Atenção: esta reportagem contém imagens que podem ser consideradas perturbadoras.
Os animais têm enfrentado, novamente, uma luta pela vida no Pantanal. Além dos incêndios no bioma, eles também precisam sobreviver a uma seca intensa na região. Os bichos passam por problemas para encontrar alimentos, sofrem com a perda de habitat e têm dificuldades para conseguir água.
Além disso, o cenário atual, considerado menos extremo que o do ano passado, envolve consequências de 2020, quando o bioma passou pelo seu pior período das últimas décadas, com recordes de incêndios.
"Levará décadas para que o equilíbrio ecológico se restabeleça no Pantanal. Com certeza os animais ainda vivem o impacto do ano passado", afirma Vinícius Silgueiro, coordenador de inteligência territorial do Instituto Centro de Vida (ICV).
No início deste mês, uma reportagem da BBC News Brasil mostrou dois jacarés que trocaram seu habitat natural por uma piscina em uma pousada no Pantanal, em uma tentativa desesperada de escapar do fogo e da estiagem extrema na região.
Para ajudar os animais, voluntários têm resgatado bichos que foram alvos do fogo ou que sofrem com a falta de água ou alimentos em diversos pontos.
"A seca está deixando os animais muito desesperados", diz a veterinária Carla Sassi, coordenadora do Grupo de Resgate de Animais em Desastres (GRAD), que tem atuado no Pantanal nos últimos dias. Ela conta que há preocupação também sobre incêndios em áreas que concentram muitas espécies.
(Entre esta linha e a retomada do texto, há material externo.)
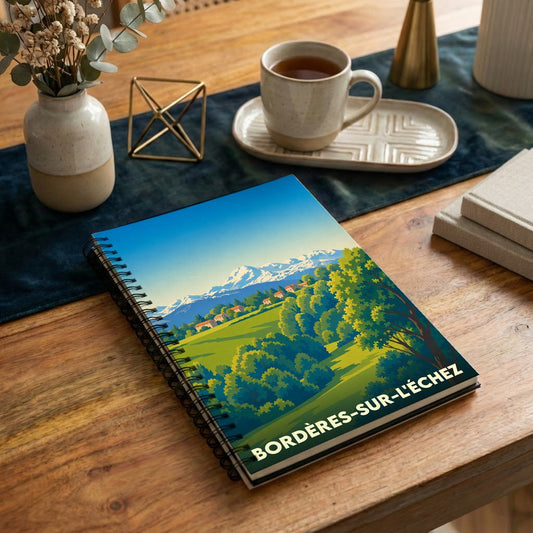 Carnet à spirales souvenir de la ville de Bordères-sur-l'Échez avec une illustration de paysage de montagne stylisée.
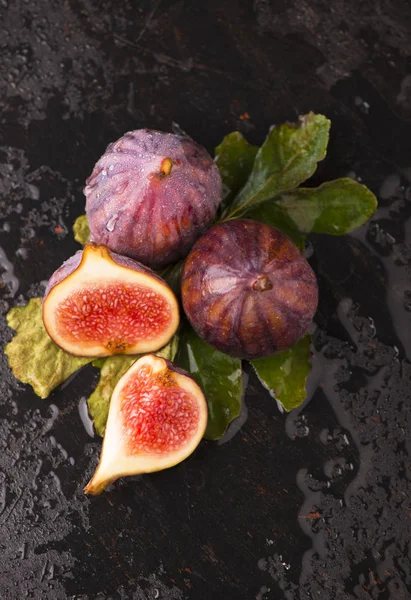 Fresh figs on black background close up — Stock Photo, Image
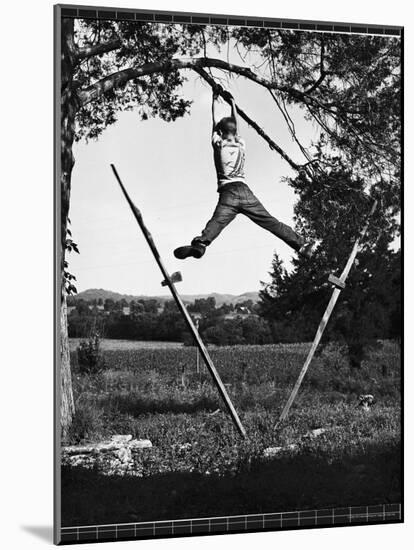 Kenneth Merriman Swinging on Tree Limb After Kicking Away Stilts-Robert W^ Kelley-Mounted Photographic Print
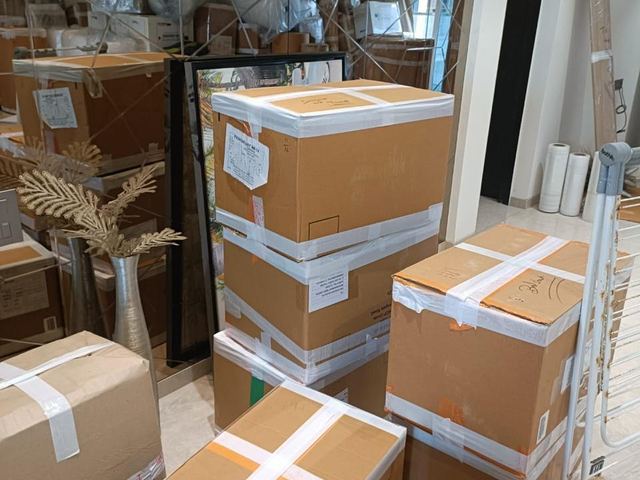 Cartons sealed and labelled for the move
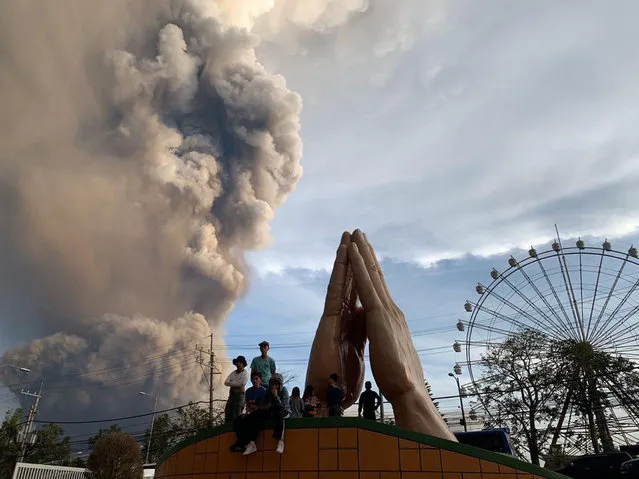 People watch as the Taal volcano spews ash and smoke during an eruption in Tagaytay, Cavite province south of Manila, Philippines on Sunday. January 12, 2020. A tiny volcano near the Philippine capital that draws many tourists for its picturesque setting in a lake belched steam, ash and rocks in a huge plume Sunday, prompting thousands of residents to flee and officials to temporarily suspend flights. (Photo by Bullit Marquez/AP Photo)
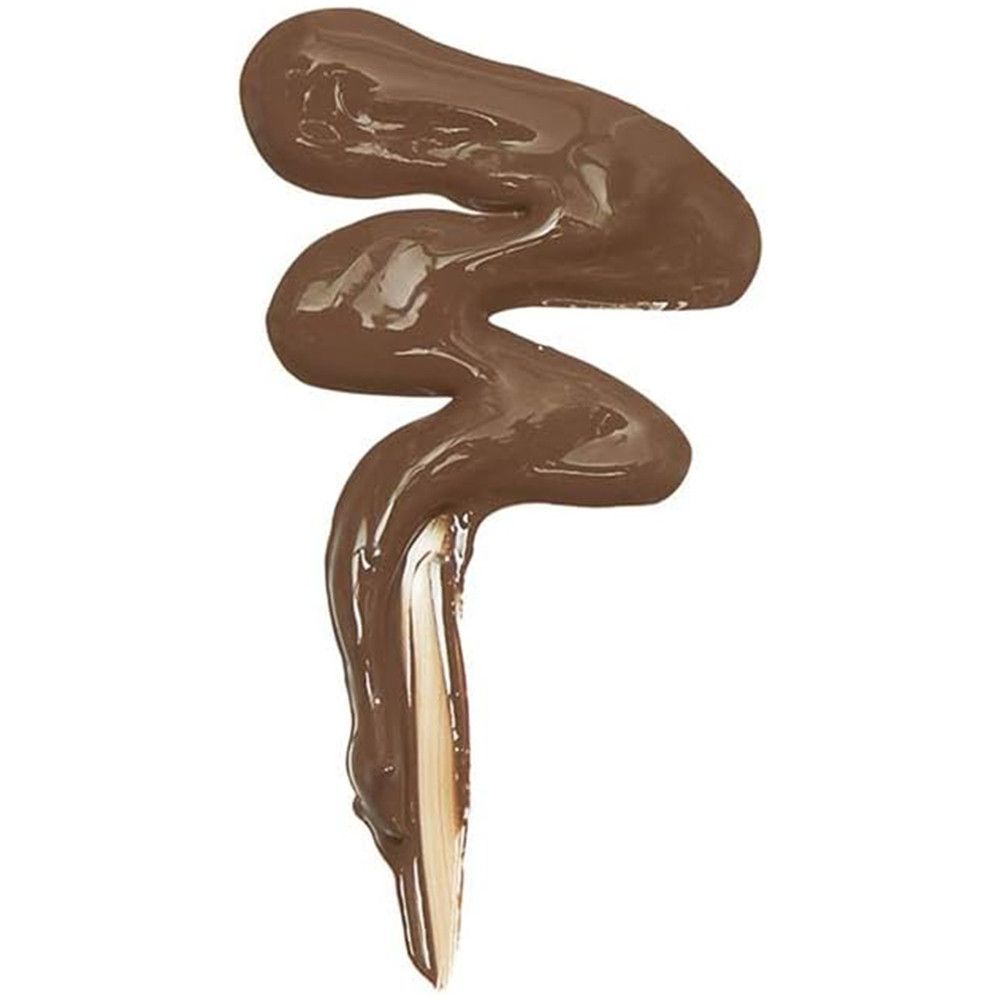 Nuance de correcteur brun en forme de vague sur fond clair. Texture visible.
Em meio ao atual cenário, esta reportagem da BBC News Brasil traz 16 fotografias que ilustram a situação vivida por animais no Pantanal neste ano. As imagens foram feitas entre o fim de agosto e meados de setembro.
As dificuldades dos animais no Pantanal
Uma análise feita pelo ICV com base em dados de uma plataforma mundial, a Global Fire Emissions Database (GFED), apontou que 655 mil hectares do Pantanal brasileiro foram atingidos pelo fogo entre 1 de janeiro e 12 de setembro de 2021. Nesse mesmo período no ano passado, 2,17 milhões de hectares já haviam sido afetados pelo fogo no bioma pantaneiro.
Os especialistas frisam que não é adequado comparar o atual período com 2020. "O ano passado foi realmente uma situação atípica, que assustou todo mundo e deixou todo mundo em choque", comenta André Luiz Siqueira, diretor da ONG ECOA - Ecologia & Ação.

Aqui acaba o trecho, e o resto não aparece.